I'm crossing x,y and z off my list. I've given up on sitting in person to do this so I'm doing the best I can to remember what was discussed months ago as the actual split has not been addressed since he was locked out of the house.

After I sent my pay stubs and requested his I sent a spreadsheet with who was taking what debt and where those debts will end up when paid off. At this point we've already splint household items, bank accounts, and credit cards.

I was business like to the T.

But, holy cow the kick back.... He went on to say how he has been working his arse off lately and I know how much he hates working like that. (I do but he can no longer blame me.... smile ) How I was not going to be going after his OT. WHAT? I'm just collecting docs needed for settlement. How I had better have a settlement in writing to sign by the end of the week. SERIOUSLY??? In 2 days? Even if everything was agreed to it will not be dictated and ready in 48hr. I held my ground. Said "ok, I will take everything I have at this point to atty and let her pursue subpoena for the remainder". Ended it....

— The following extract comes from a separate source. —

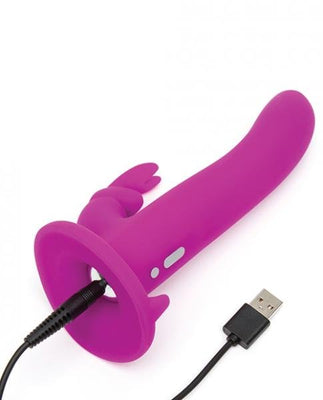 Purple silicone vibrating strap-on shaft with clitoral stimulator and USB charging cable connected.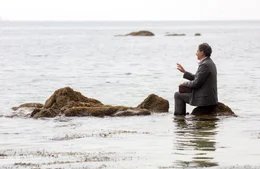 Charles (Denis Podalyd&egrave;s) sitzt auf einem Stein im Meer.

5 min later he is back at it. Saying my atty is out to screw him over.... blah blah blah. But, now he is sending me the 2 most recent pay stubs. I reminded him I tried to meet with him 3 separate times to get this done. He fired back - you did not. I reminded him "Sunday and Tuesday of last week and last Sunday". He starts complaining on who gets the equity in the time share --- I state there is NO equity, its worthless and he was welcome to keep it if he thought it had value. He wanted to argue its real estate... I told him if he could find anywhere that states it has value he was welcome to present it.... Ended it...

40min later he calls. I'm rolling my eyes. But, I answer because I want this DONE. He immediately states he owes me an apology. ((((WOW)))) - mind blown.... listening. He said he is exhausted and sleep deprived and I know how he gets with a short fuse. He was worried that if we met on Sunday while he was so tired that it would not go well. If he was leaning towards cranky and I was getting upset because I wasn't understanding something with agreement it would completely go downhill between us. And, then he had a friend who asked if he wanted to go my town.

I just said "I hear you". "That makes sense because I do know how you get."

He went on to say "I need to go home and sleep. I'm so exhausted and that is why I have a short fuse today".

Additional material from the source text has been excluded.